- Exercise prompt -
From the line containing "Komód, tárolóegység 8" to the end of the data, retype every line exactly and nothing else. Drop the pictures.

- Supplied records -

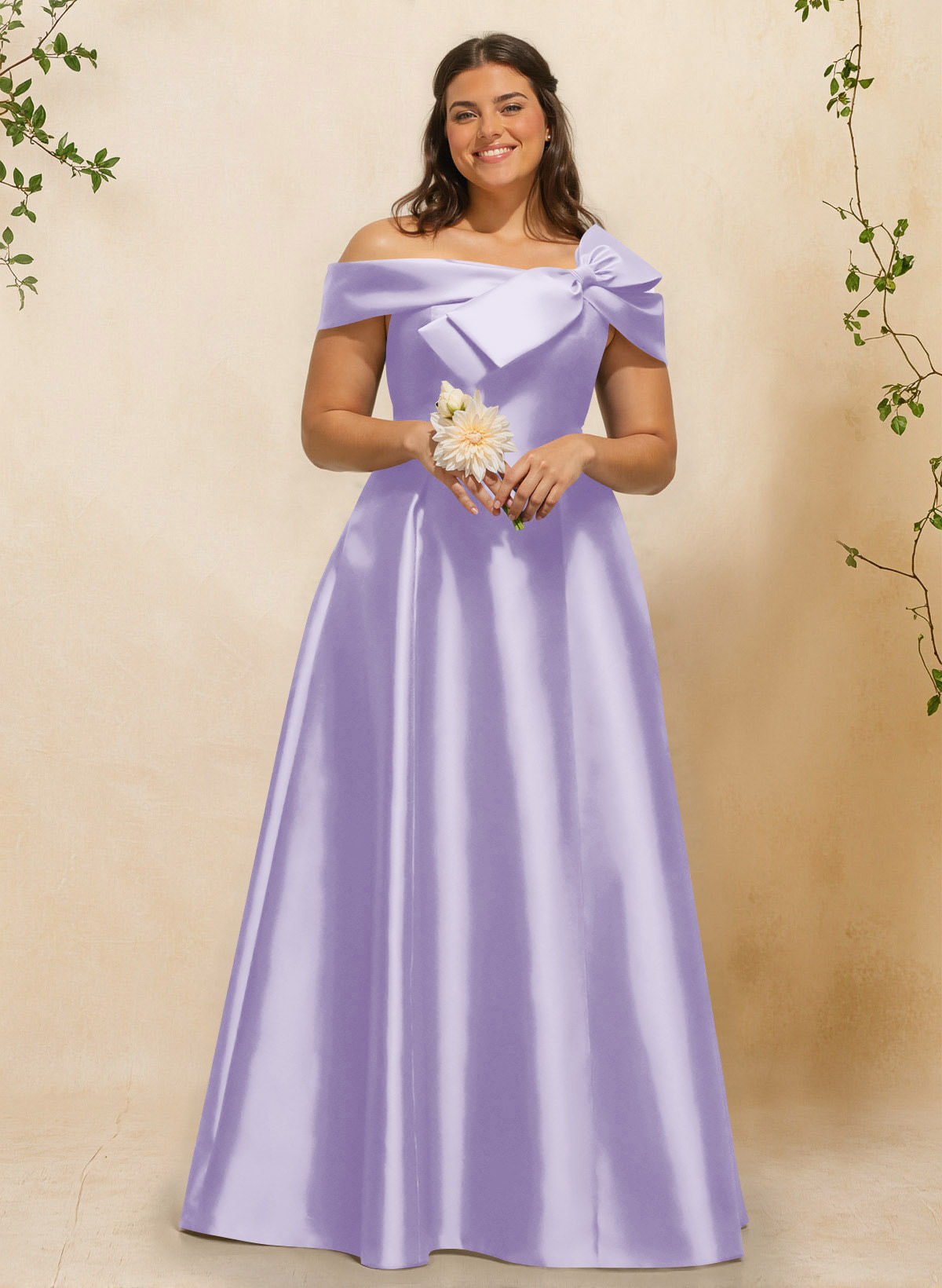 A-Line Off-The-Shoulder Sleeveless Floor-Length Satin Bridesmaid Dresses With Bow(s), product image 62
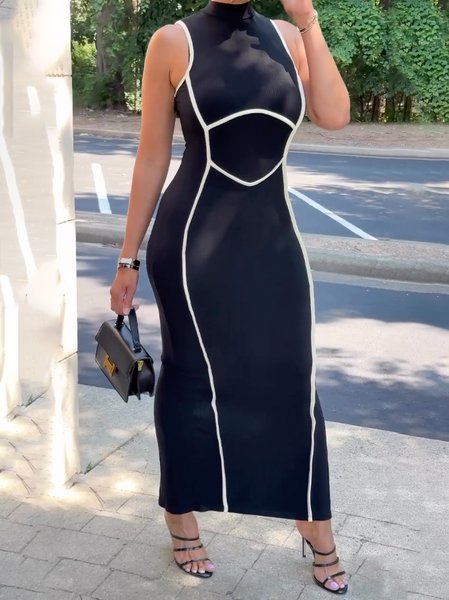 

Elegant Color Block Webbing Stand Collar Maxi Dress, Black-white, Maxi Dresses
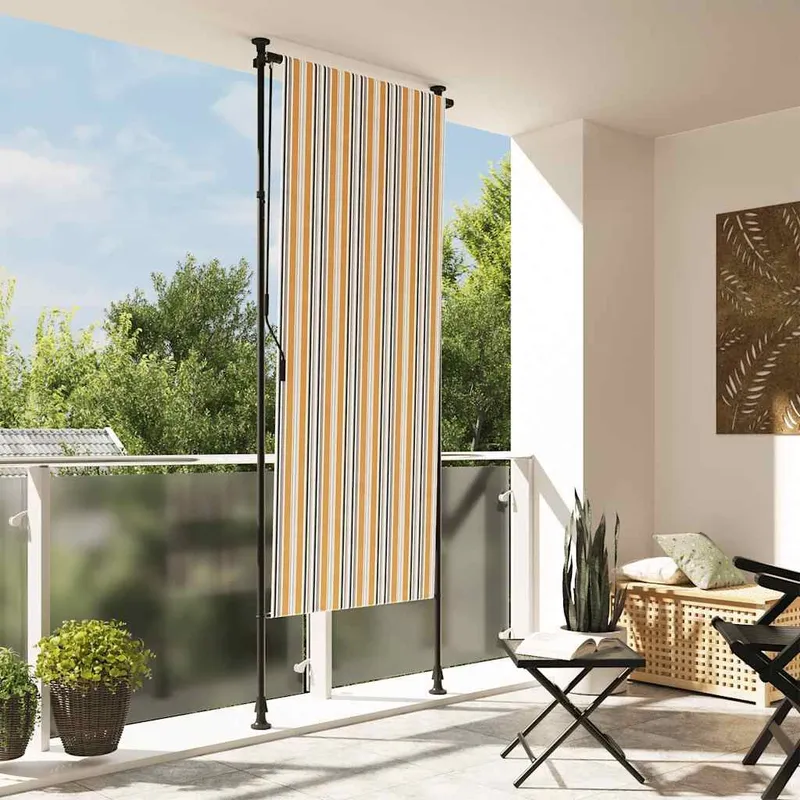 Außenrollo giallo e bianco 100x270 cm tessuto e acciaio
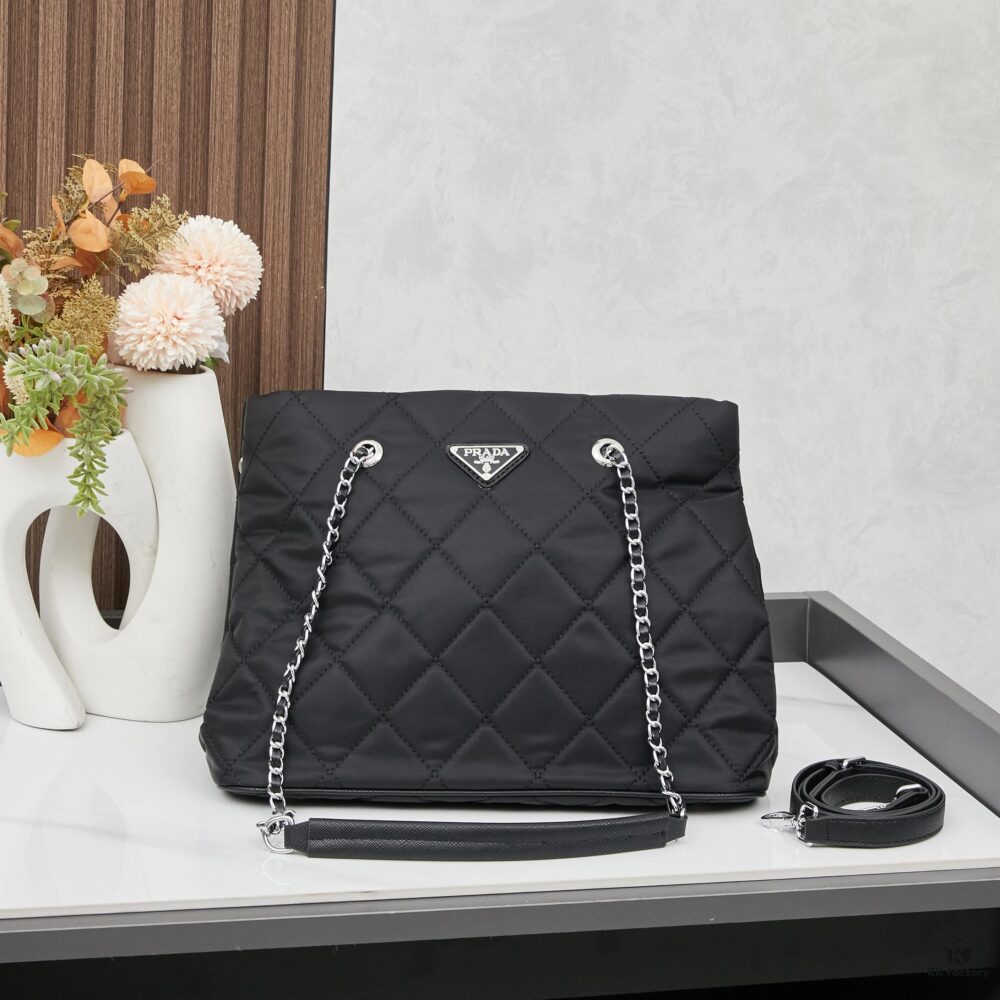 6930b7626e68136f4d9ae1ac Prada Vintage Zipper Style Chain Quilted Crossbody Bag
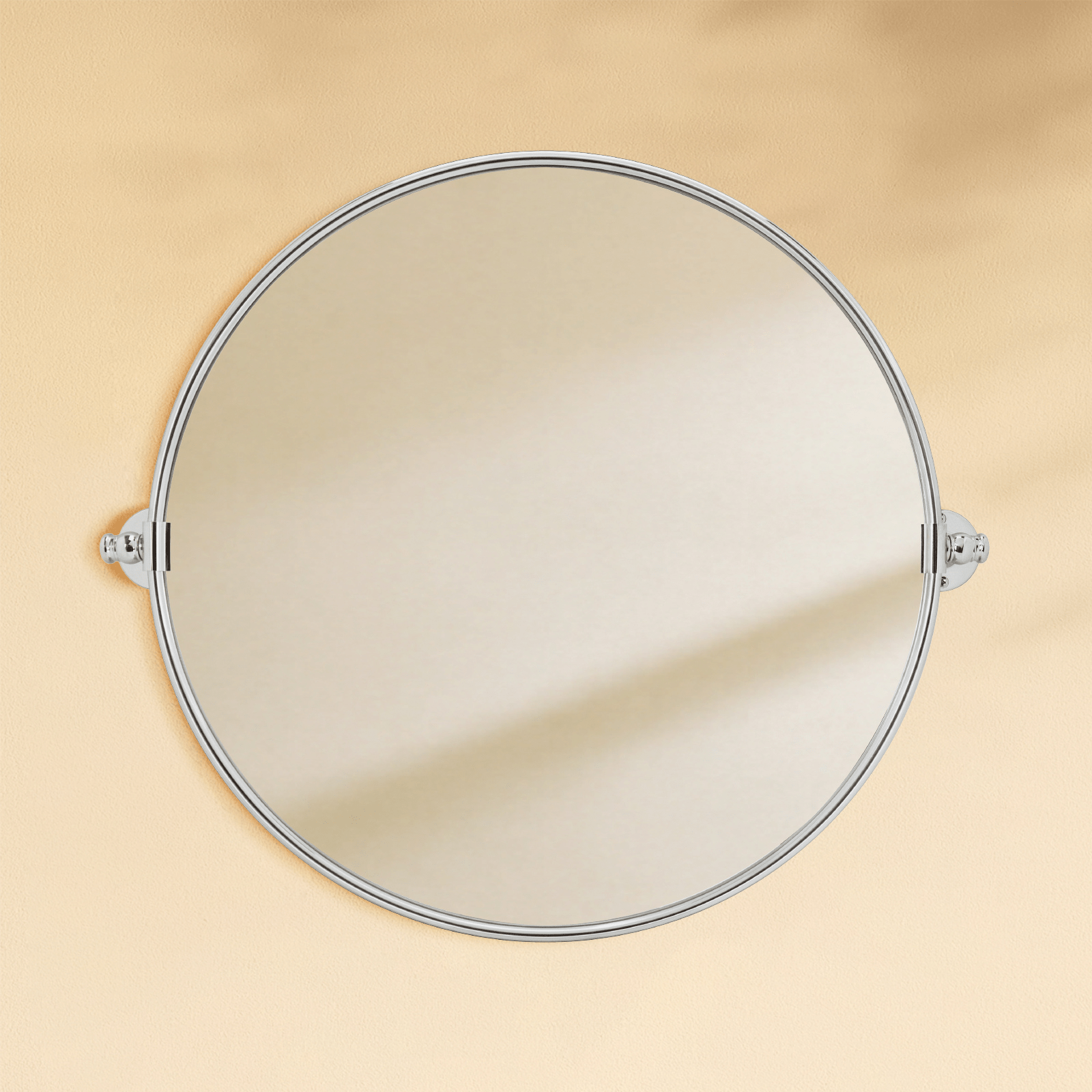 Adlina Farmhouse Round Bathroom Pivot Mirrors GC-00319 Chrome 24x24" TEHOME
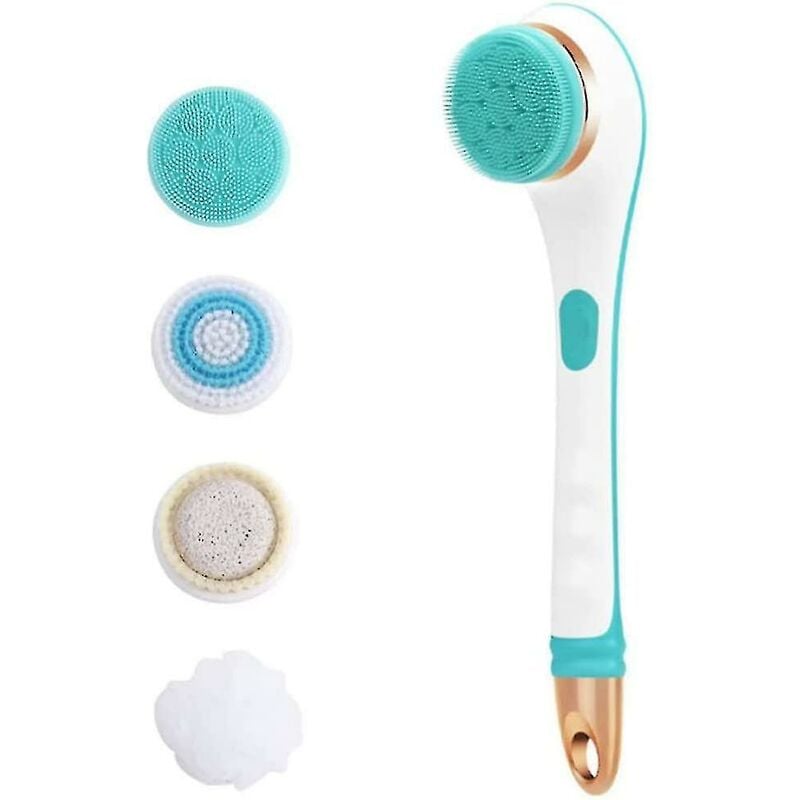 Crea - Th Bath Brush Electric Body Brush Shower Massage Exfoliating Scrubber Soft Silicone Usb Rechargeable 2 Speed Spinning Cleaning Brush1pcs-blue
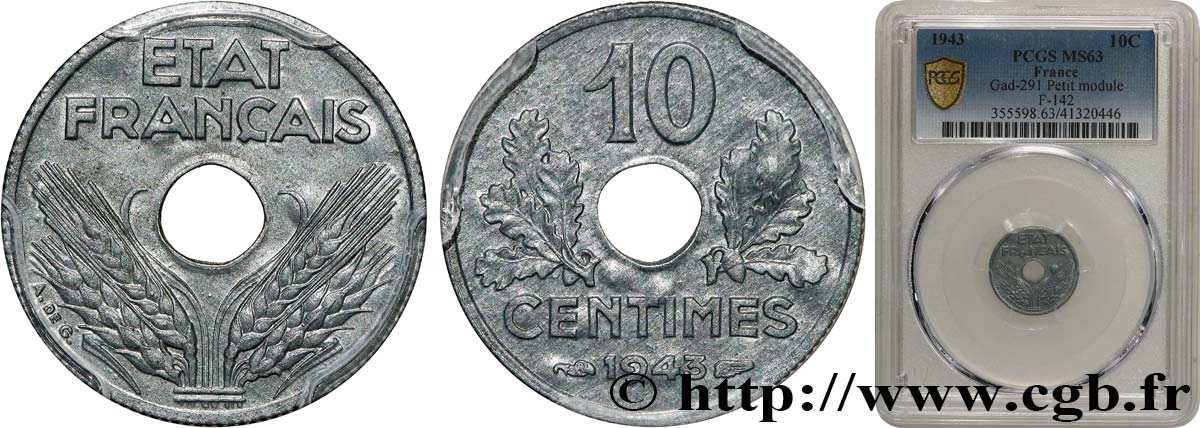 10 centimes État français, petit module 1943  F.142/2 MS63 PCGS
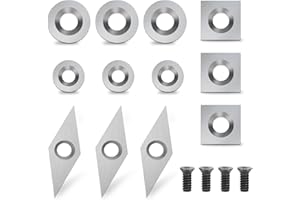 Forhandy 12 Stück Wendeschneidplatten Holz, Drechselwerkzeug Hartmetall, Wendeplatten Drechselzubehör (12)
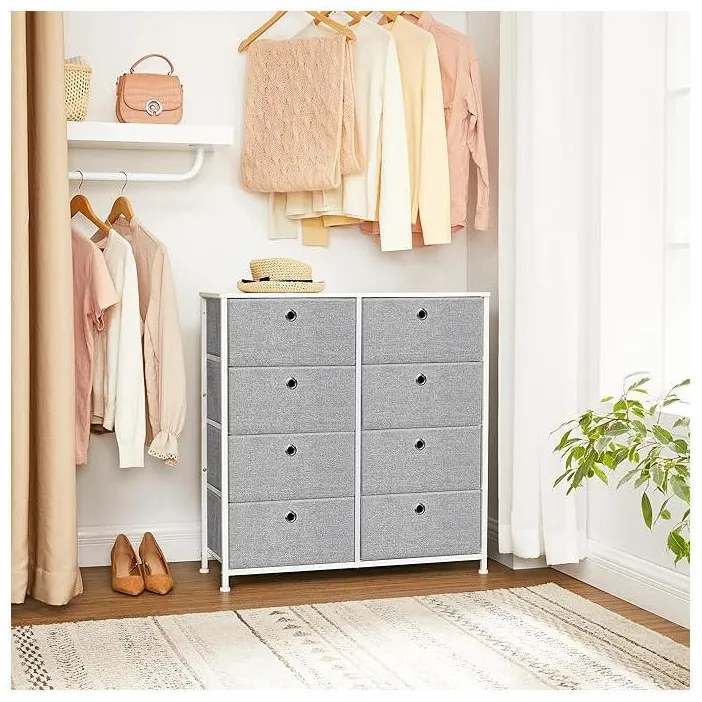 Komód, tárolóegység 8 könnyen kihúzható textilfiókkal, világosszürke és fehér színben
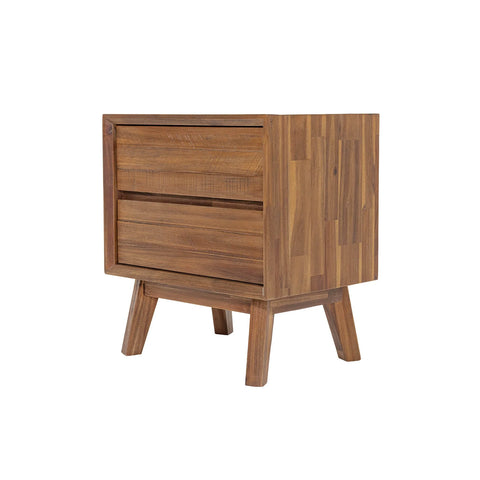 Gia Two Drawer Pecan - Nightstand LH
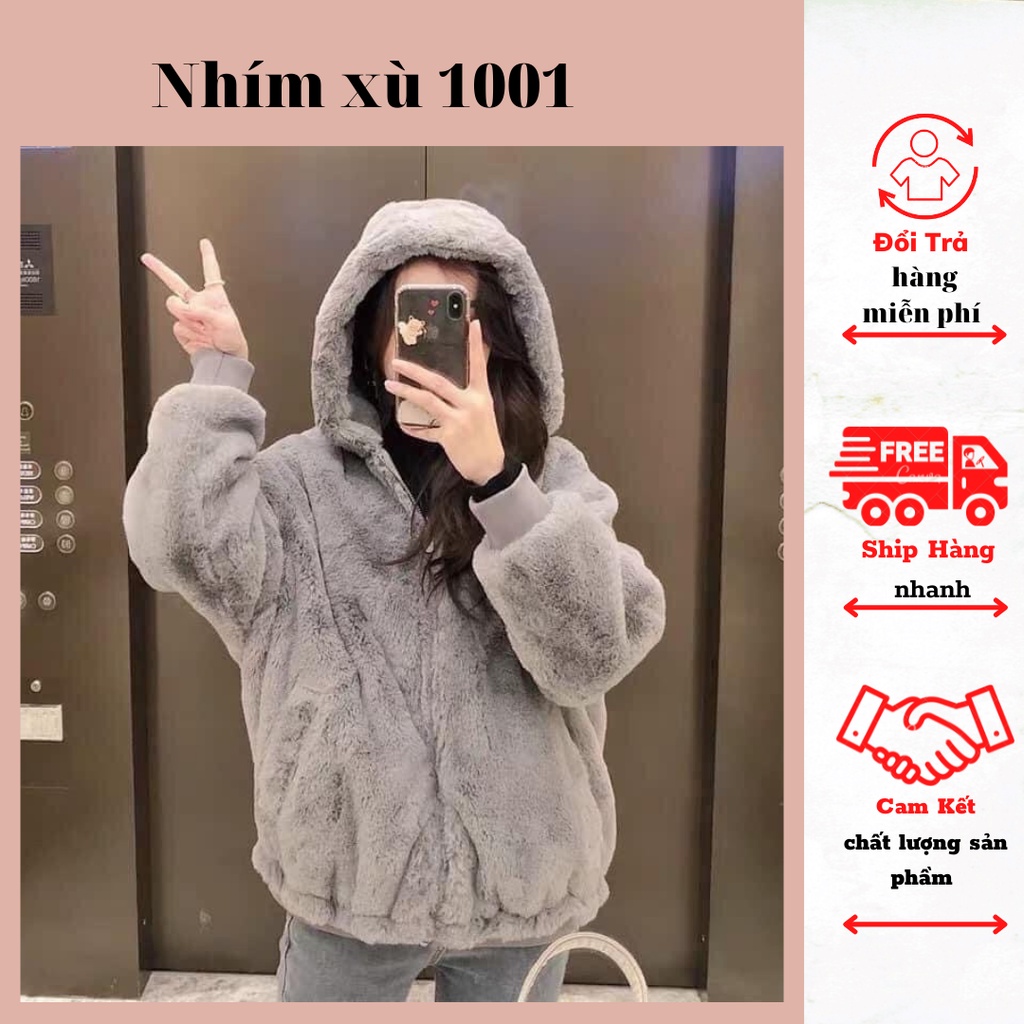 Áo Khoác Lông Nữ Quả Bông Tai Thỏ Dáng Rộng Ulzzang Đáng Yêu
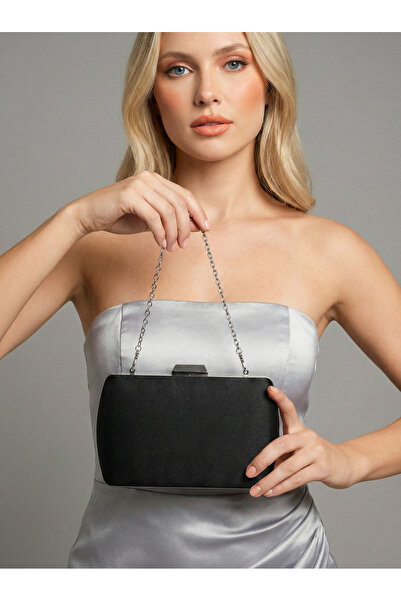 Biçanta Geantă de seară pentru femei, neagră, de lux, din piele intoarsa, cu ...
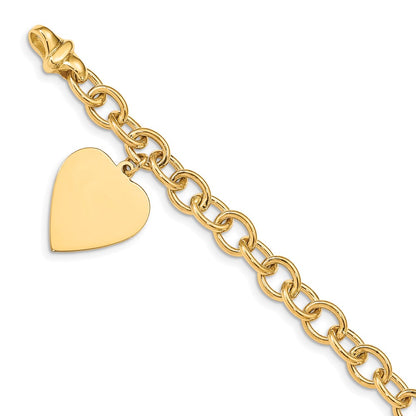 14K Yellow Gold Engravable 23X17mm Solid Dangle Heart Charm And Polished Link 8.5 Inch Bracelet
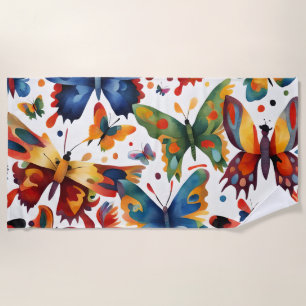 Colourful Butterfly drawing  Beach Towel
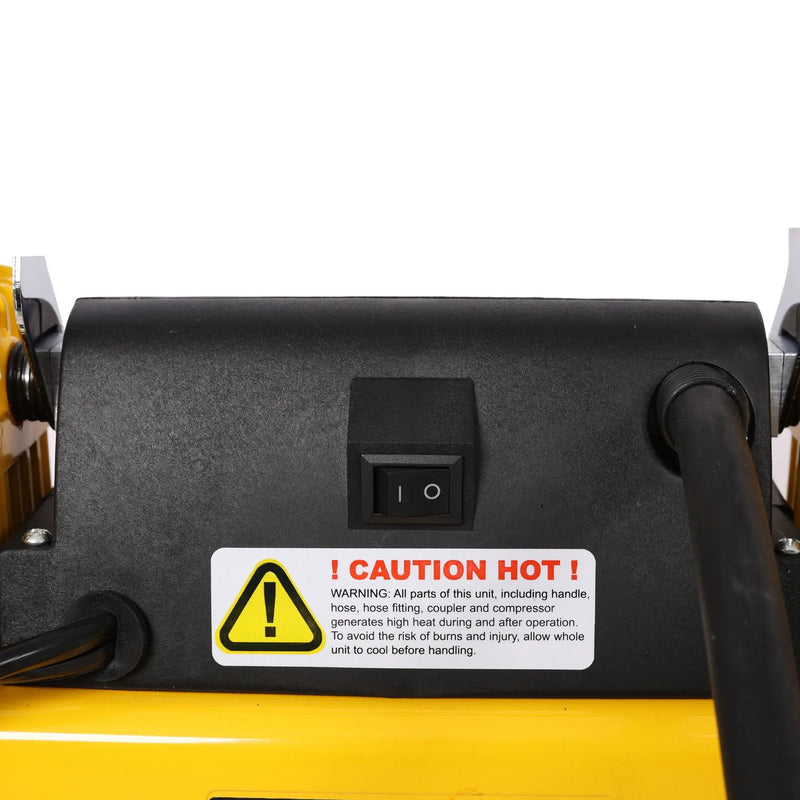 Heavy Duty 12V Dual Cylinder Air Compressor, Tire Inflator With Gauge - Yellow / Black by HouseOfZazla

- Result -
 Komód, tárolóegység 8 könnyen kihúzható textilfiókkal, világosszürke és fehér színben
 Gia Two Drawer Pecan - Nightstand LH
 Áo Khoác Lông Nữ Quả Bông Tai Thỏ Dáng Rộng Ulzzang Đáng Yêu
 Biçanta Geantă de seară pentru femei, neagră, de lux, din piele intoarsa, cu ...
 14K Yellow Gold Engravable 23X17mm Solid Dangle Heart Charm And Polished Link 8.5 Inch Bracelet
 Colourful Butterfly drawing  Beach Towel
 Heavy Duty 12V Dual Cylinder Air Compressor, Tire Inflator With Gauge - Yellow / Black by HouseOfZazla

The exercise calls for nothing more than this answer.